Breaking Eggs And Making Omelettes

Topics On Multimedia Technology and Reverse Engineering


Archives:

My Own Offline RSS Reader

March 28th, 2010 by Multimedia Mike

My current living situation saddles me with a rather lengthy commute. More time to work on my old Asus Eee PC 701 (still can’t think of a reason to get a better netbook). It would be neat if I could read RSS feeds offline using Ubuntu-based Linux on this thing. But with all the Linux software I can find, that’s just not to be. I think the best hope I had was Google Reader in offline mode using Google Gears. But I couldn’t get it installed in Firefox and the Linux version of Gears doesn’t support the Linux version of Chrome. I did a bunch of searching beside and all I could find were forum posts with similar laments: Offline RSS readers don’t allow you to read things offline. Actually, to be fair, I think these offline RSS readers operate exactly as advertised: They allow you to read the RSS feeds offline. The problem is that an RSS feed doesn’t usually contain much meat, just a title, a synopsis, and a link to the main content. What I (and, I suspect, most people) want in an “offline reader” is a program that follows those links, downloads the HTML pages, and downloads any supporting images and stylesheets, all for later browsing.

I didn’t want to have to reinvent this particular wheel, but here goes.

Here’s the pitch: Create a text file with a list of RSS feeds. Create a Python script that retrieves each. Use Python’s XML capabilities (which I have already had success with) to iterate through each item in an RSS feed. For each item, parse the corresponding link. Fetch the link and parse through the HTML. For each CSS, JS, or IMG reference, download that data as well.

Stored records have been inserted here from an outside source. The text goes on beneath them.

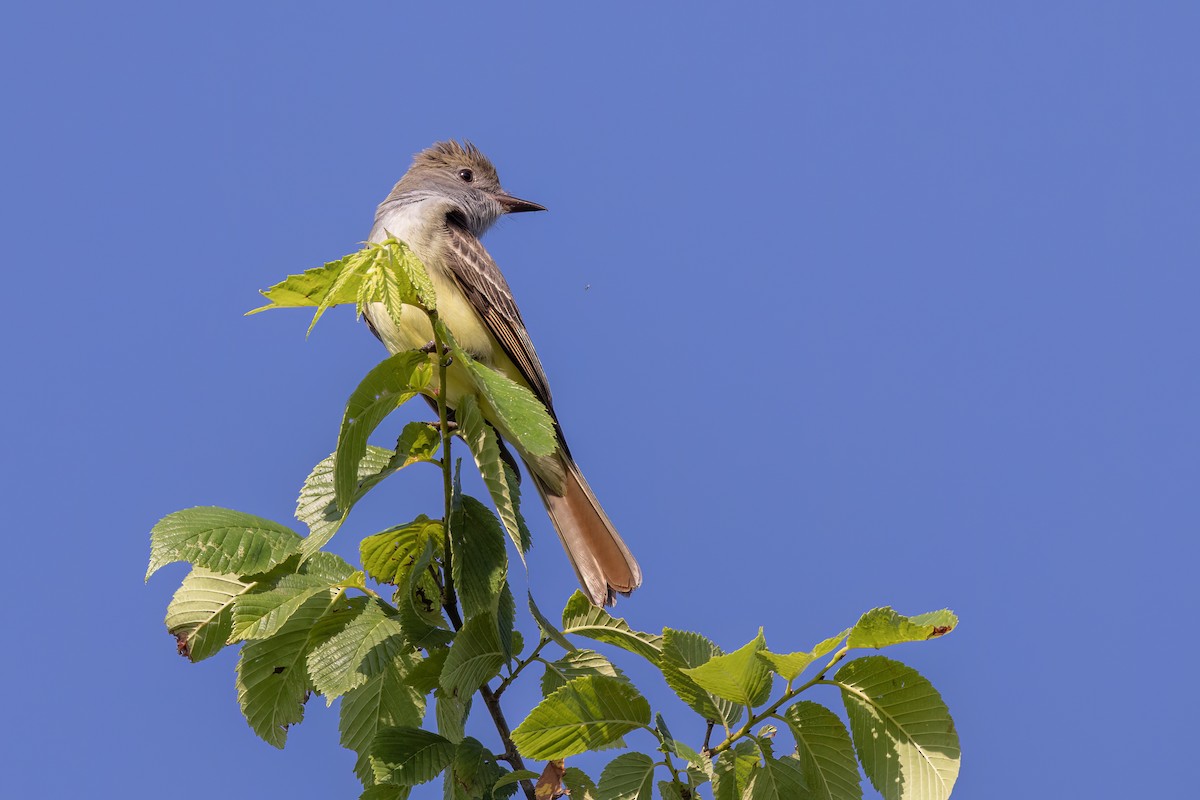 Great Crested Flycatcher - ML573039891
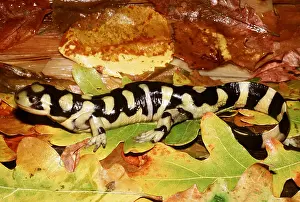 Mary Clay: Barred Tiger Salamander - on damp autumn leaves under log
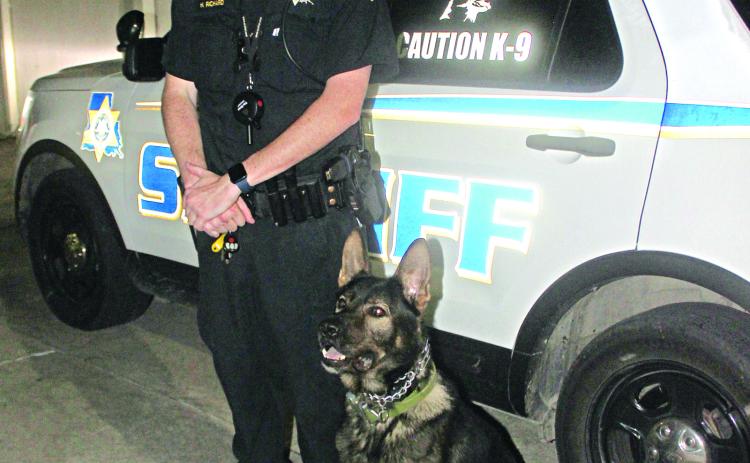 Acadia Parish Sheriff’s Deputy Hunter Richard and his K9 Deputy Django are one of the sheriff office’s two deputy-canine teams. Django is trained in narcotics detection and apprehension. (Photo by Claudette Olivier/Church Point News)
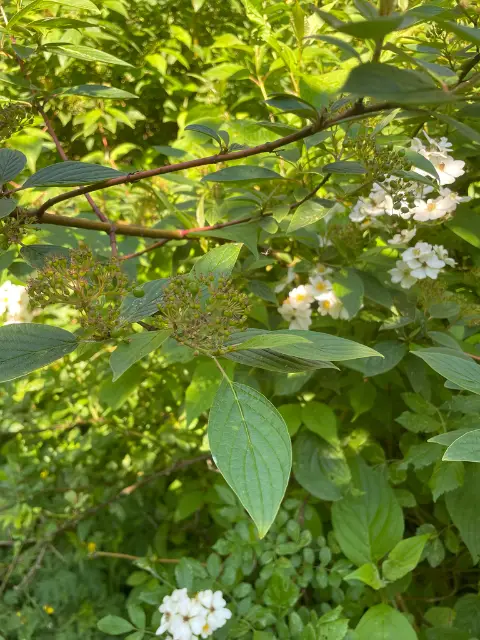 Red-osier dogwood, seed / fruit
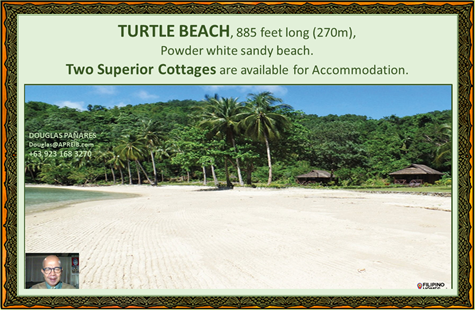 8. Turtle Beach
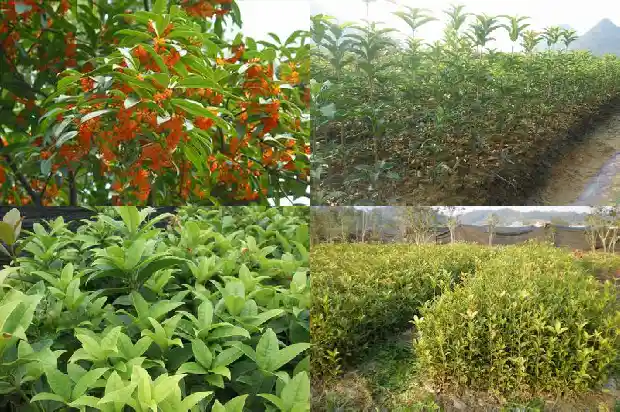 桂花天香台阁和佛顶珠哪个好看1684976708283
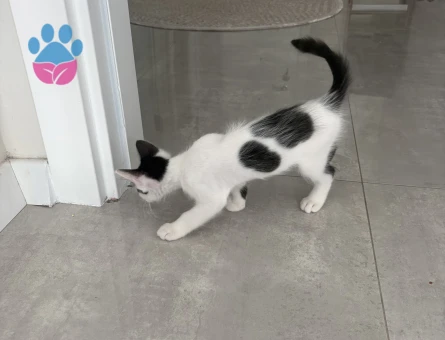 3.5 aylık aşıları tam tekir kedi - 8267 - Görsel 3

Compute a hash of that supporting data and replace the link with that hash. Dump that data in a local SQLite database (you knew that was coming). Dump the modified HTML page into that database as well.

Part 2 is to create a Python-based webserver that serves up this data from a localhost address.

One nifty aspect of this idea is that my Eee PC does not have to do the actual RSS updating. If the relevant scripts and the SQLite database are stored on a Flash drive, the updating process can be run on any system with standard Python.

See Also:

  • Part 2, where I get this idea to a minimally functioning state
  • GhettoRSS, what I eventually called the software when I released it

Posted in Outlandish Brainstorms | 7 Comments »

7 Responses

  1. nine Says:

    On this note, please amend your RSS feed to include the full text of your entries. It’s much easier to read the entirety of the post in google reader than having to open a new tab for each item I want to read!
    Much easier just to open tabs on the items I want to comment on.

  2. Multimedia Mike Says:

    Thanks for the feedback. I just tried to configure WordPress to do full text in feeds but it didn’t take (it’s still just showing the summary).

    Edit: It looks like the full text is showing now; might have just needed a cache refresh.

  3. Mans Says:

    You may find feeds like those from http://daringfireball.net/ tricky to parse for the right links, the title usually linking directly to some web page he is commenting on, and another link within the RSS entry body pointing at the DF post itself.

  4. Multimedia Mike Says:

    Thanks for the lead, Mans. I’m looking at all manner of strangeness in different RSS feeds right now. Let’s hear it for standards.

  5. Multimedia Mike Says:

    You’re right, Mans: I just tried DF’s RSS with my tool and it downloads the external articles. Each post has several links. The first one is marked ‘alternate’ (leads off-site) while the other refers to the site’s custom URL-shortener.

  6. Bobby Says:

    If you insist on throwing things into SQLite, I doubt this helps you, but doesn’t wget already handle downloading a page and all the various files it references while updating the links in the page for you?

  7. Multimedia Mike Says:

    @Bobby: It’s supposed to. In fact, that’s the first thing I tried. But I couldn’t make it work correctly.